If you’re like most people, you didn’t know much about cellphone generations until cell carriers started advertising 4G speeds a few years ago. But the generations go all the way back to the first wireless phones, and every time a new generation began people could send more information at faster speeds over the airwaves. Now the time has come for the fifth generation, 5G, to start coming out, and some carriers are starting to jump the gun.
Here’s the thing about 5G: right now, there’s no accepted standard for what makes a network 5G instead of 4G. It needs to be faster with less latency and use new protocol software, but as far as actual milestones go, there are several ideas but nothing that everyone agrees on. So while carriers are promising to roll out gigabit internet speeds in some areas and calling them 5G networks, that’s really just a name.
Still, one thing people know for sure about 5G is that it will use signals in the very-high and ultra-high frequency ranges. That’s because signals in this range can carry a lot more information a lot faster, but the downside is that it works based on line-of-sight: large buildings and hills can block UHF signals.

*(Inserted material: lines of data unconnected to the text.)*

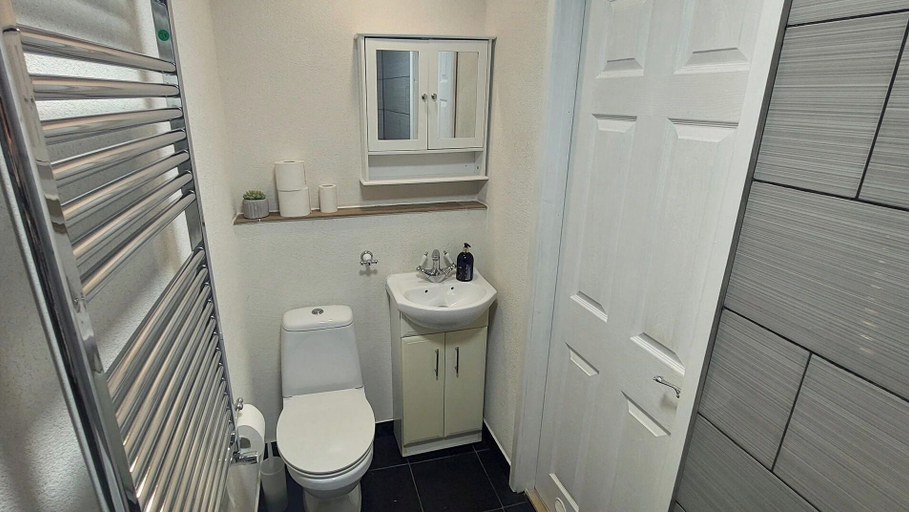 Bathroom 4, Couples/business/family- Wifi- Parking- Sleeps 2, Coventry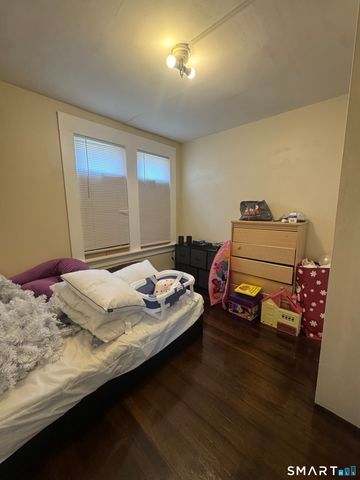 30 Cliff Street, Norwich, CT 06360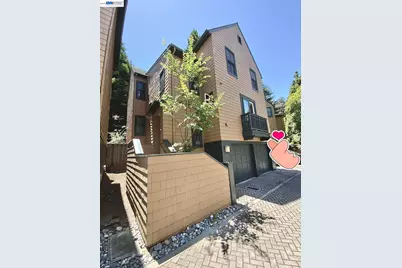 19 Edgewood Pl, Belmont, CA 94002 - Photo 1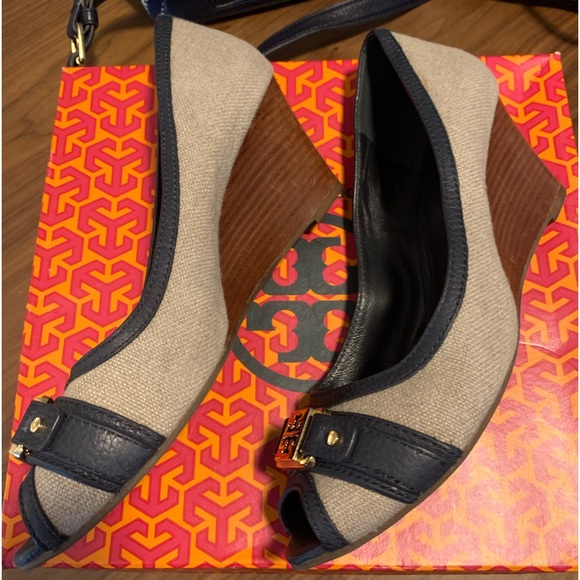 Tory Burch Ambrose 65mm Tory Burch Beige Canvas And navy Leather Trim Wedge 9.5 - Picture 6 of 7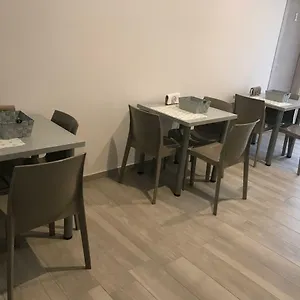 Ca Risorta Stanze Sona, Italy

In other words, the biggest issue with creating a wireless network with a gigabit internet connection is the fact that carriers will need to build a lot of extra cell towers and antennas. They don’t have to be as big as the old towers, but all the extra construction will cost a lot of money.
On the other hand, home internet users won’t have to worry about how fast 5G networks show up, especially if they have a fiber connection at home. Fiber cables are already showing up in major cities like San Antonio, Texas, and if they’re available in your area you can get a gigabit internet connection today, complete with symmetrical upload and download speeds. Plus you can get the same speed on a home Wi-Fi network with just a halfway decent router since Wi-Fi networks already use the UHF band to send and receive signals.
5G networks are starting to show up in certain cities, and it won’t be much longer before an organization defines 5G and we can find out whether the new, faster networks really are 5G or whether it’s just marketing. But cellphone networks will always be one step behind landlines because they have to make things mobile, so if you want to experience 5G speeds today you should find out whether a fiber line is available in your area.